I hate when you have to pee but you kind of forget about it while you are driving, until you get in your house, then suddenly you’ve pulled your pants down in the living room (in front of your roommate) as you run to the bathroom. No? That’s never happened to you? Cool.
The dumpster outside my house smells like lavender. I like that. I like that a lot.
My Colorado world is very quiet right now. It’s probably because this soccer player named Tebow is playing right now. That soccer playin’ sonofab*tch. I’m kidding, I know Tebow plays tennis. But I’m pretty thankful for the calmness among the world. You know why?? BECAUSE A MARATHON OF GLEE IS ON! Holy sh*t balls. They are dancing to ‘Barbara Streisand’ by Duck Sauce. No no, not dancing, flash mobbing.

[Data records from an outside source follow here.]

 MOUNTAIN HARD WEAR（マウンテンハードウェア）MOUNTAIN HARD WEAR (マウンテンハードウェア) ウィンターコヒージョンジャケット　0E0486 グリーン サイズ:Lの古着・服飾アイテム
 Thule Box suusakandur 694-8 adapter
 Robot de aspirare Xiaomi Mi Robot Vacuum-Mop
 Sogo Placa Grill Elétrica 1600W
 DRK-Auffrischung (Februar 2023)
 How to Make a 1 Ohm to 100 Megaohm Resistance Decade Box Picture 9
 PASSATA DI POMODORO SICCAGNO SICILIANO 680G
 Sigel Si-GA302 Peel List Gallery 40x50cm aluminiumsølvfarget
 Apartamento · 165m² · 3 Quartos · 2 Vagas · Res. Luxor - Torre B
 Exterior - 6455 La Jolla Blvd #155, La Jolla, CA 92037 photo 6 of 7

I seriously want to flash mob more than anything in the world. I wish I were kidding. I’m a really terrible dancer BUT I have no shame so I would be epiiiiic in those situations.
Hey so you know how I’ve talked about having this stuff called acne, it’s still really stupid dumb. So I got a peel done. If you don’t know what that is, the jist of it is…they spread acid on my face, it burns really bad, then my face peels off. SH*T I’m sexy. These men be chasin’ me down! That was a lie. At least CoverGirl is still begging for me to be their new spokes model. Begging.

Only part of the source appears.